1. An appeal will not be dismissed upon the ground that the decree from which it was taken was rendered by consent, but no errors will be considered here which were in law waived by such consent.

2. A recital in the decree that it was assented to by the solicitor of one of the parties is equivalent to a direct finding that he had authority to do what he did, and, so far as the question is one of fact only, is binding upon this Court on appeal.

3. The ruling in Removal Cases, 100 U. S. 457, on the second section of the Act of March 3,1875, 18 Stat., part 3, 470, stated and declared to be applicable to the jurisdiction of the circuit court, as the same is prescribed by the first section of that act.

4. For the purpose of an appeal, this Court need not inquire when the circuit court first obtained jurisdiction of the suit. It is sufficient if that court had jurisdiction when the decree appealed from was rendered.

5. The purchase by the solicitor of a railroad company of its property at a judicial sale, made pursuant to a decree in a foreclosure suit, is not of itself necessarily invalid. It will, however, be closely scrutinized, but until impeached must stand.

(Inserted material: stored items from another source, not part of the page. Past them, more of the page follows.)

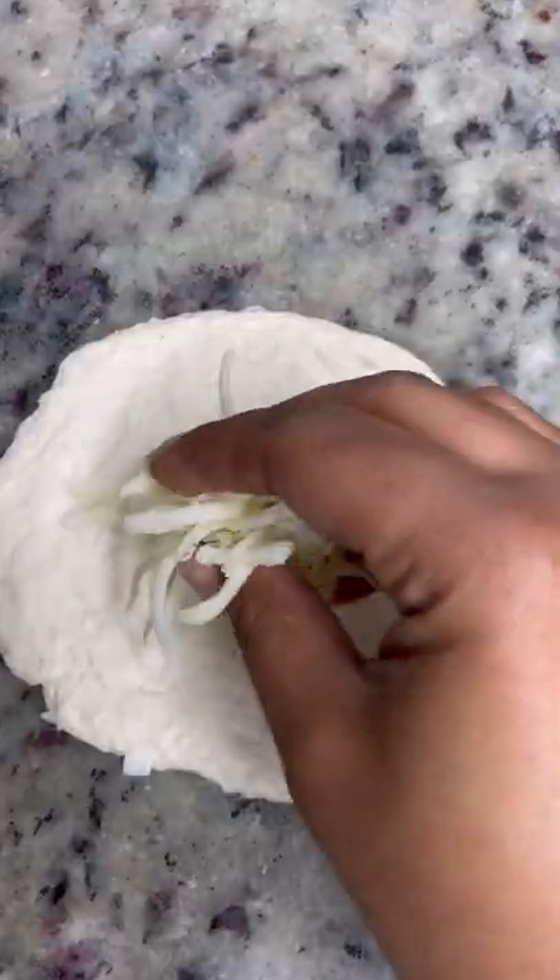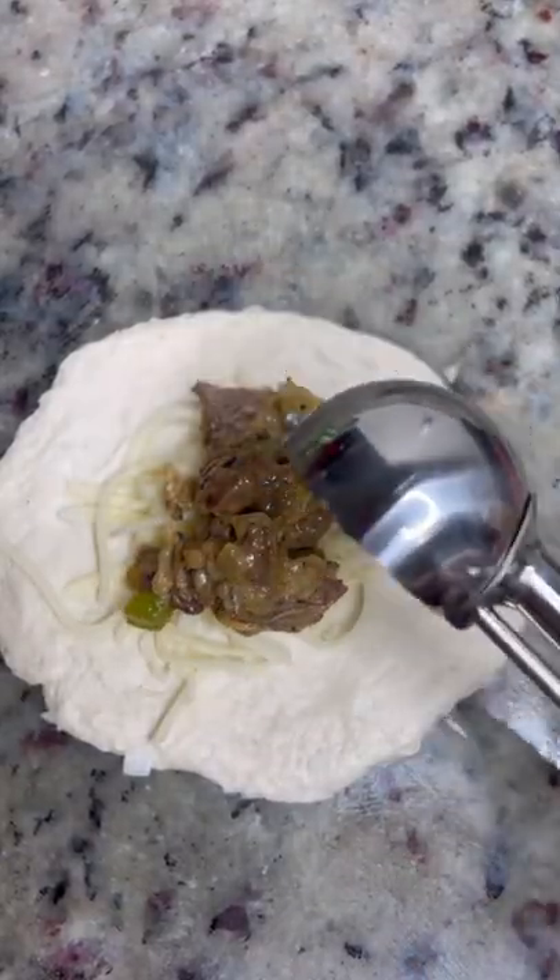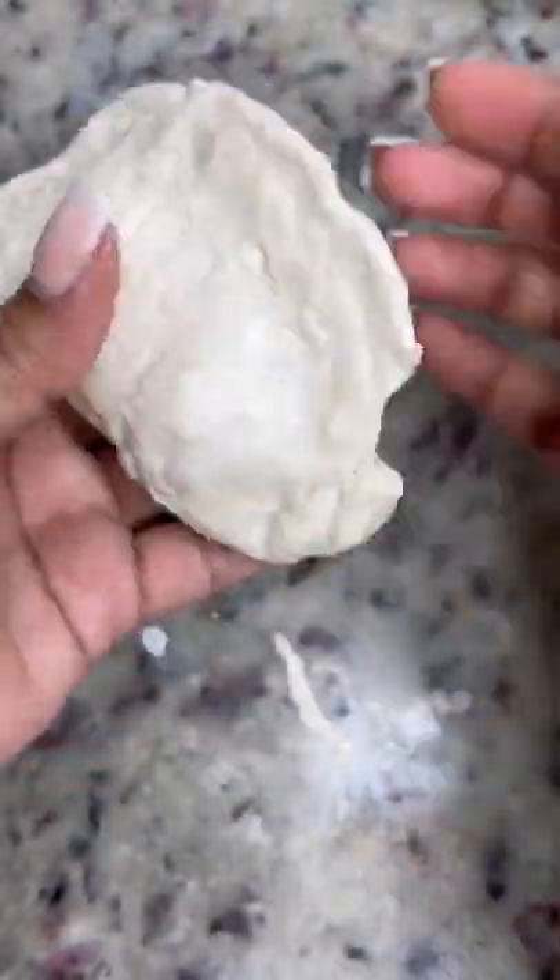Mix everything up and start on your biscuits. Flatten them out real good to get some mozzarella cheese, a bit of that beef mixture, then seal the sides real good.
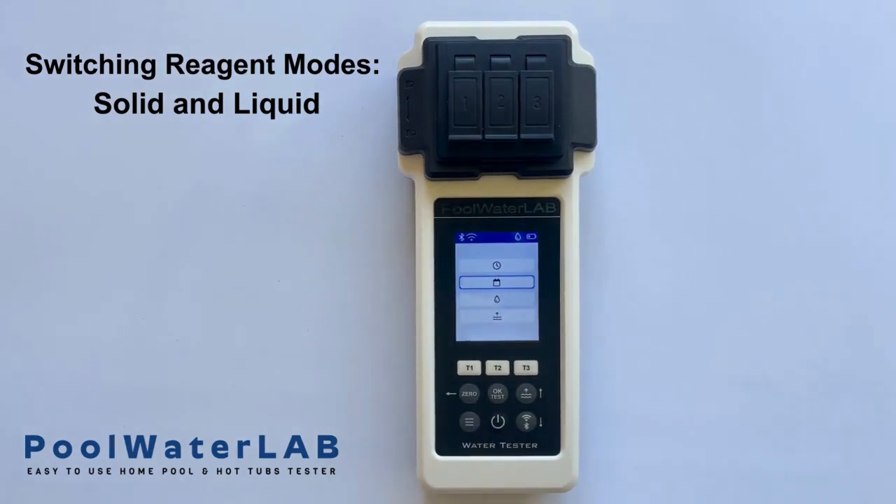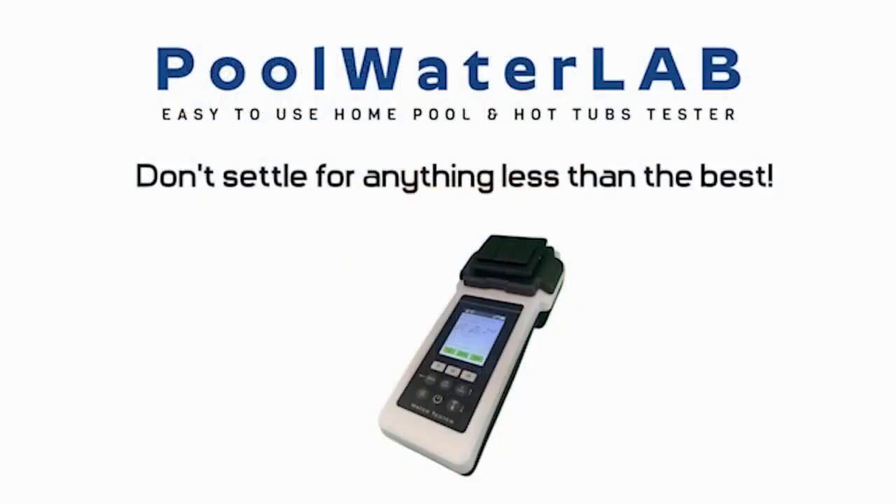After correctly selecting the mode, press the zero button to proceed to the testing phase.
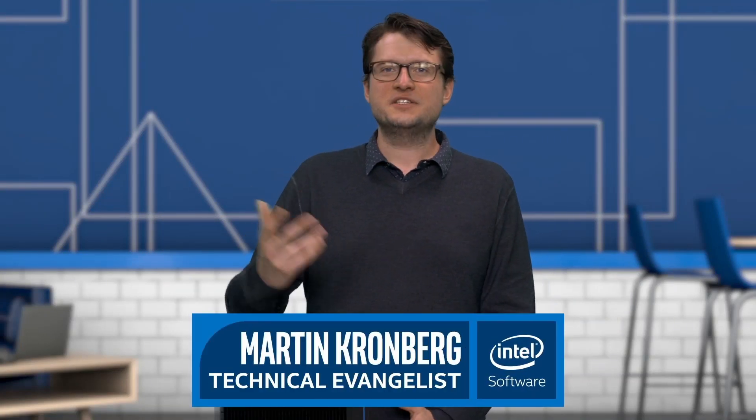Hello. Welcome to the IoT Developer Show. I'm Martin Kronberg. In this series, we take a deep dive into the OpenVINO Toolkit.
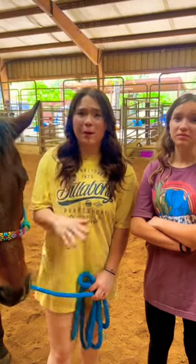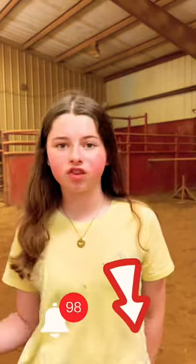Guys, we're showing Bubba something crazy. This is so cool, it's a little bit weird. We're going to show Bubba a rubber chicken. Comment below what you think his reaction is going to be.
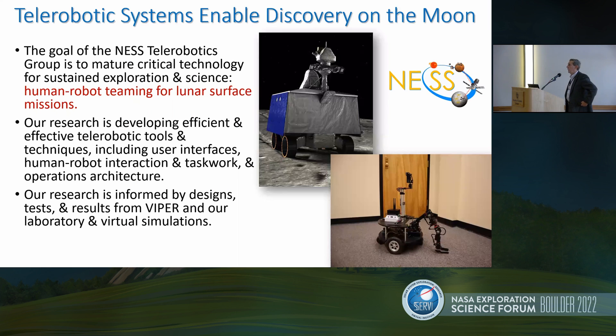Let me get into the teleoperation part of this. The goal of telerobotics in general, and our team in particular, is to enhance the human-robot teaming for these lunar surface missions — not only for things like Farside, but more broadly a wide range of science. Our research is informed by designs from real rovers like the Viper that you see here, with Terry Fung from NASA Ames as a co-I on Viper being an important member of our team, and also informed by rovers we have built in our laboratory, such as the Armstrong rover.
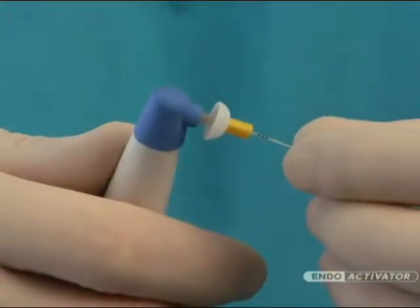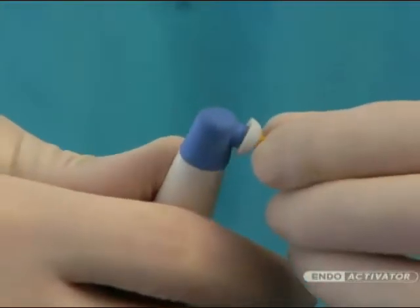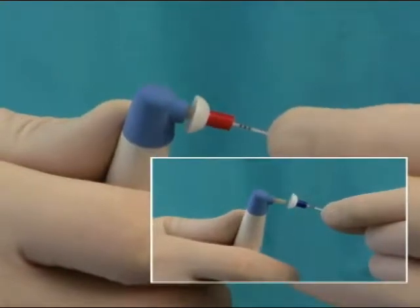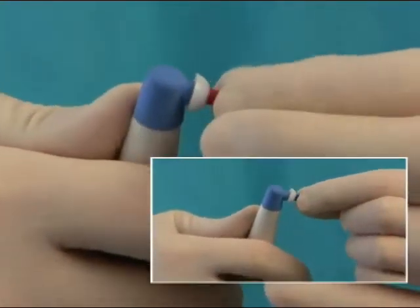The Indo-Activator tips have an easy snap-on, snap-off design and are color-coded yellow, red, and blue corresponding to small, medium, and large sizes respectively.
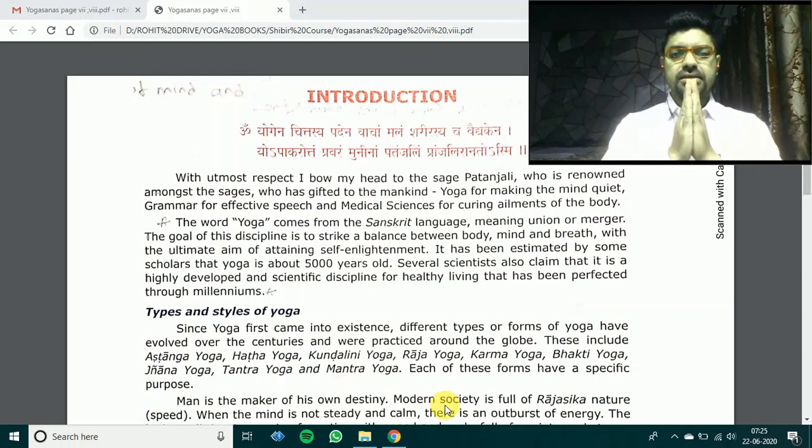Namaskar students, welcome to your yoga class. What an eventful Sunday we had on the occasion of International Yoga Day. We really appreciate all the efforts you have put in while creating these videos and images you have posted. All these asanas, pranayams, and mudras are wonderful to see and very encouraging for us. It helps us to put in more effort to bring more knowledge to you and develop each one of you to the highest level. We thank you for that.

This case presents the following facts:

On the 10th of July, 1875, the Pacific Railroad, a Missouri corporation, mortgaged its road and other property to Henry F. Vail and James D. Fish, trustees, citizens of New York, to secure a proposed issue of bonds amounting, in the aggregate, to $4,000,000. This mortgage will hereafter be referred to as the "third mortgage." The bonds were to bear date as of May 1, 1875, and become payment twenty years thereafter, with interest at the rate of seven percent, falling due semiannually on the first days of May and November in each year. The principal object of this new issue was to take up by exchange or otherwise outstanding income and improvement bonds of the company, amounting in all to $3,500,000. The mortgage contained a clause to the effect that, if the company should fail to pay the interest on any of the bonds thereby secured, for six months after the same became due and payable, and demand made therefor, or if the principal of any of the bonds, when payable, should not be paid for six months after demand, the trustees might, on the written request of holders of bonds to the amount of $500,000, the principal or interest of which should then be in arrear and unpaid, sell the mortgaged property at public auction, in the City of St. Louis, giving notice thereof in a manner particularly specified, and execute and deliver conveyances to the purchaser, applying the proceeds of the sale to the payment of the bonds.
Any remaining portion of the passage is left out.